# IS VIN # 242176120037 Authentic For '66 GTO



## take5 (Aug 9, 2009)

Please confirm VIN # 242176120037 as being genuine for car that is stated as '66 GTO Project Car. EBAY listed as having 100,000 miles but picture shows no engine, no transmission.
Understanding and recognizing the real from other claims is what I am looking to educate myself in.
Thanks for all information on this subject.


----------



## 67/04gto (Jan 15, 2005)

yes as long as they have the 242 in the begining of the vin it is real.there is a partial vin on the left rear frame rail behind the driver wheel well.if you are interested u can run the phs on the car to see what the car came with oringal


----------



## grabber (Sep 23, 2009)

There should be the letter P,K,Z,B,G,A, or R between the 6 and the 1 to designate which assembly plant it was made in.

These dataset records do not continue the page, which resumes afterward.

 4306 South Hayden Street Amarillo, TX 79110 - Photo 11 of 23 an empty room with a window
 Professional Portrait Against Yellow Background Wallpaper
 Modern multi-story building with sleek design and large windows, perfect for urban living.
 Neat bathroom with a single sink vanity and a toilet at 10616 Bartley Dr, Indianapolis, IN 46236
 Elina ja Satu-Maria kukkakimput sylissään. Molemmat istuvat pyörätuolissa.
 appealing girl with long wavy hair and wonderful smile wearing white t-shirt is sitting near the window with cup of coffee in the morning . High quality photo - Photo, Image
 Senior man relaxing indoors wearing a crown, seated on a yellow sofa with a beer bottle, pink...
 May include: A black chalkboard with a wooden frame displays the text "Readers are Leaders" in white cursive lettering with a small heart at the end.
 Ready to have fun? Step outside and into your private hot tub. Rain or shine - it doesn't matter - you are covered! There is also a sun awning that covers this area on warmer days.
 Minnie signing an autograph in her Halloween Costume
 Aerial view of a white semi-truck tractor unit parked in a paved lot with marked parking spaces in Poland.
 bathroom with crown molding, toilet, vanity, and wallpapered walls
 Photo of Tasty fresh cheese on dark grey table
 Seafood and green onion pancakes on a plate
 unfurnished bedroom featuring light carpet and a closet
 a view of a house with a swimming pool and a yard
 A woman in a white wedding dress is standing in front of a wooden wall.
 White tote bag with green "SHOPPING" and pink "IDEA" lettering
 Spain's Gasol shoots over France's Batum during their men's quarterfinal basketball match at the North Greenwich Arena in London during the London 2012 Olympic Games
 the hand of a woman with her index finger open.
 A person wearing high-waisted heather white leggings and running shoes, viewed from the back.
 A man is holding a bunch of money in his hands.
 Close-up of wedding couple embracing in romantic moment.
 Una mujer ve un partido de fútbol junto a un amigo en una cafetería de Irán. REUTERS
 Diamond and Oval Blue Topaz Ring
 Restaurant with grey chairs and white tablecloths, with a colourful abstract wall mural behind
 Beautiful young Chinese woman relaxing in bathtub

1966 GTO Specifications - UltimateGTO.com


----------



## 05GTO (Oct 6, 2004)

grabber said:


> There should be the letter P,K,Z,B,G,A, or R between the 6 and the 1 to designate which assembly plant it was made in.
> 
> 1966 GTO Specifications - UltimateGTO.com


I've never noticed a possible mistake on UltimateGTO for 66, I don't think 66 GTOs were built in Arlington or Atlanta. Their data plate information doesn't include those plants,

1966 GTO Specifications - UltimateGTO.com


----------